We skied that mountain for all it was worth. Twenty‑six thousand vertical feet by the time we stepped out of our skis — and that was just day one. The next morning, we were back at it: new lines, new stashes, new stories. That was every day we were there.
The skiing was the point, but the surprise was the people. New faces every day, all of them curious why four couples were skiing their way across the continent. When we told them — that we were chasing vertical to raise money to feed kids through the RipLine Foundation — every one of them wanted to know more. Gravity QuestTM is infectious.

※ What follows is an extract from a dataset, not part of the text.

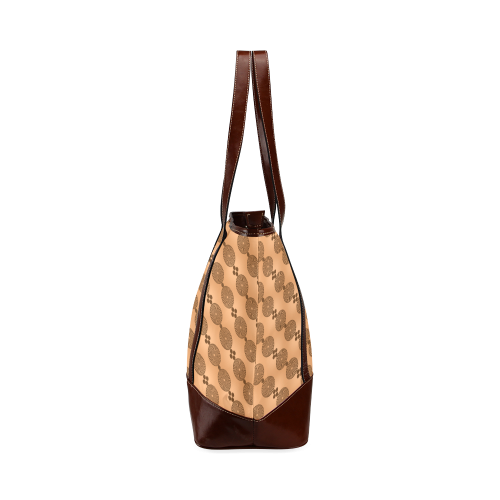 Brown Chocolate Wheels Pattern Tote Handbag (Model 1642)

In the evenings, we ate at the spots the locals pointed us to — good food, good drinks, and lots of laughing as we relived the day. The trees. The drop‑offs. The lines. The most spectacular wipeouts. The view from the top of the ridge. So many memories from one trip.
I don’t know exactly what makes Revelstoke Revelstoke. Maybe it’s the combination of the vertical, the snow, the endless wild terrain, or the town. Mostly, I think it’s a vibe. The mountain is just the mountain and the skiers just want to ski – no pomp, no circumstance — it all just flows, and it’s incredible.
If you’ve never thought about going to Revi, or if you’ve been thinking about it for years, just go. Don’t wait for the perfect window. Don’t wait for the right group. Find people you love spending time with and point the car north.
You’ll understand what I’m talking about when you get there.